Add the final orphaned statement already quoted above:
“That year, approximately 100,000 spruce trees a day were killed by a spruce beetle infestation spurred by warming temperatures in Colorado.”
The phrase “spurred by warming temperatures in Colorado” is an inferential triple-jump: trees are dying in Colorado because the beetle population has increased because temperatures are warmer because we are spewing CO2.
Referring back to the thinkprogress piece, Gov. Hickenlooper seems to be experiencing a great turnaround from his previous stance in 2009. More importantly, the author cites spruce mortality as the glaring example of the impacts of global warming in Colorado, even though the areal impacts of mountain pine beetle in lodgepole pine forests have been four times greater than that in spruce-fir forests. Fear not, global warming is persistently reported as the cause of lodgepole pine mortality in Colorado as well.
Here’s the problem. We allowed lodgepole pine forests to become severely overstocked by creating, through inactive management, millions of acres of beetle bait at unprecedented levels across an unprecedented extent. Then the beetle show up just when stands are most susceptible, with mean diameters of 7 inches and larger, very high stocking levels, poor vigor and suppressed growth.
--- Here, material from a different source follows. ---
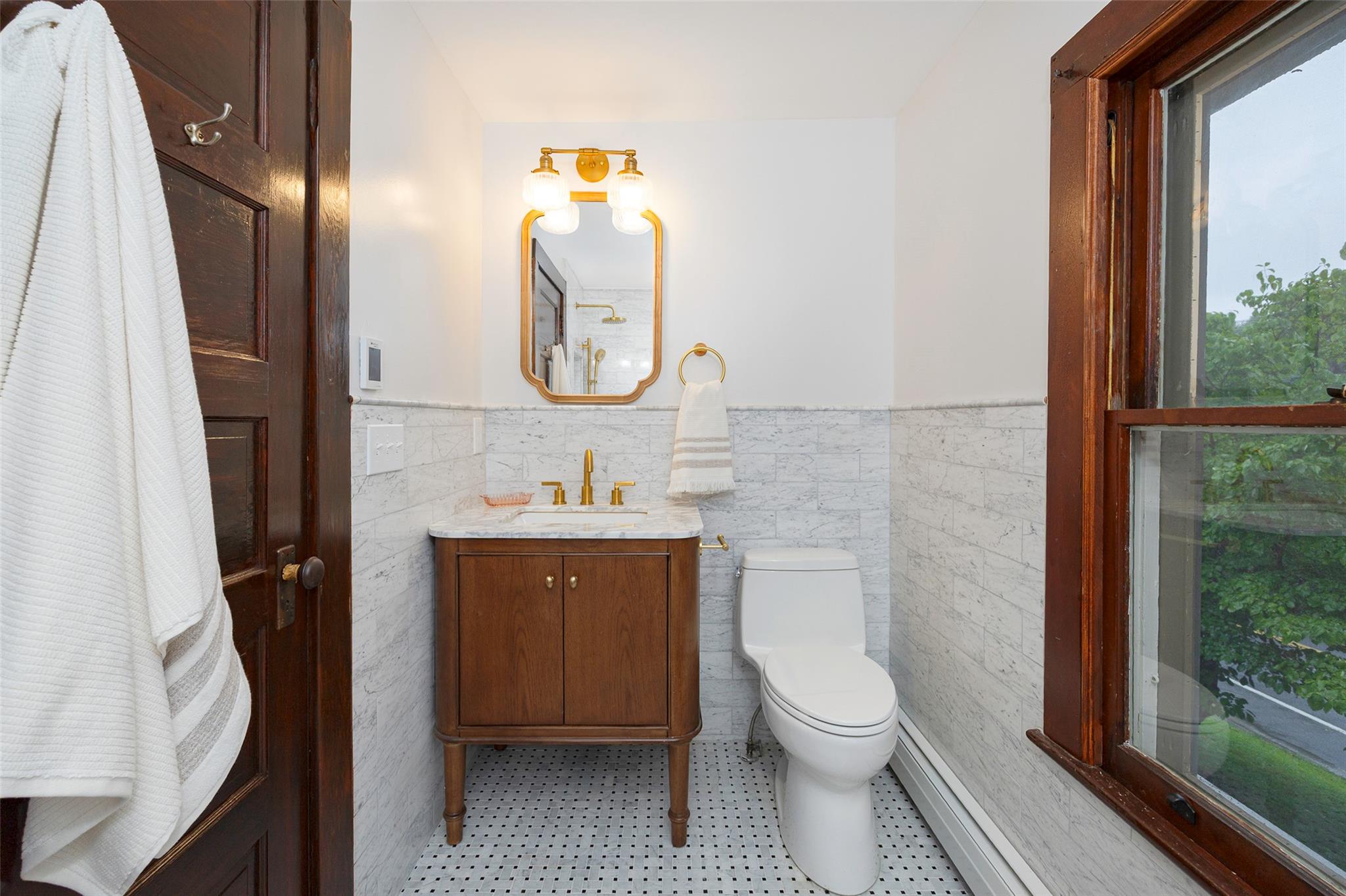 59 S Parsonage Street, Rhinebeck, NY 12572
We created beetle gastronomical heaven, with gravy and dessert, across the landscape and then the distant and disconnected fear mongers wish to claim that global warming caused the epidemic in one of the most-impacted states in the nation. Meanwhile, us know-nothing foresters and entomologists have been warning for decades that without anthropogenic intervention, i.e. active management to reduce beetle susceptibility, it would be only a question of when the epidemic begins, not if.
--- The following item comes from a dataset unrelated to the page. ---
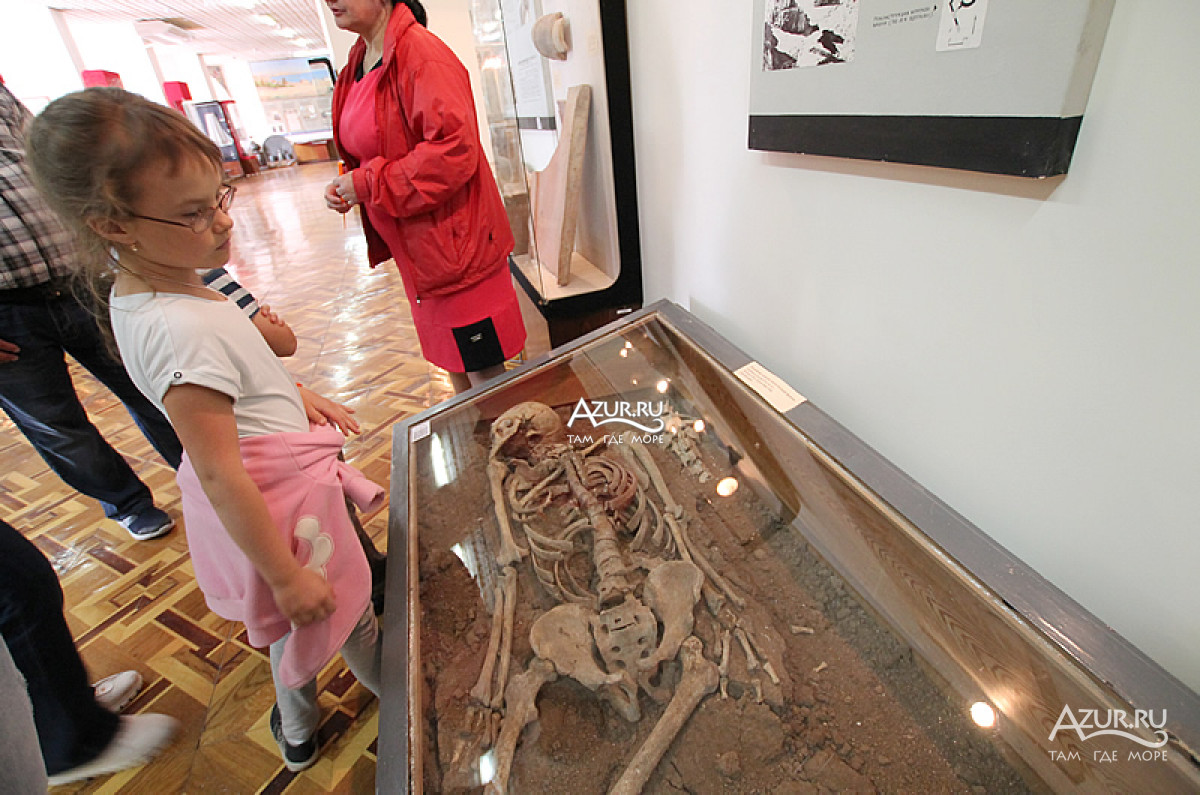 Скелет древнего человека (эпоха бронзы, район Евпатории)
There is a common claim that it has not been cold enough to kill mountain pine beetle larvae during the winter months, a consequence of global warming. The problem is that lab tests can determine what degree of cold will kill larvae in a controlled environment, which is rather distant from real-world conditions within tree boles and behind bark. Research I have been involved in fails to reveal differences in larvae mortality rates across the north and south sides of attacked trees where insolation effects could otherwise be hypothesized as being detectable. The primary motivator behind cold-killing inferences centers on the correlation between the end of a Colorado spruce beetle epidemic in the 1950s, and a cold snap the same winter. One could reasonably speculate that beetle population collapse followed an opportunistic virus attack of spruce beetles, or the beetle simply ran out of food, and either scenario could have coincided with the cold snap.
Correlation is not causation.
This nonsense drives one nuts.
And so do those who claim they know better through disingenuous citation and then tell us how to manage our natural resources.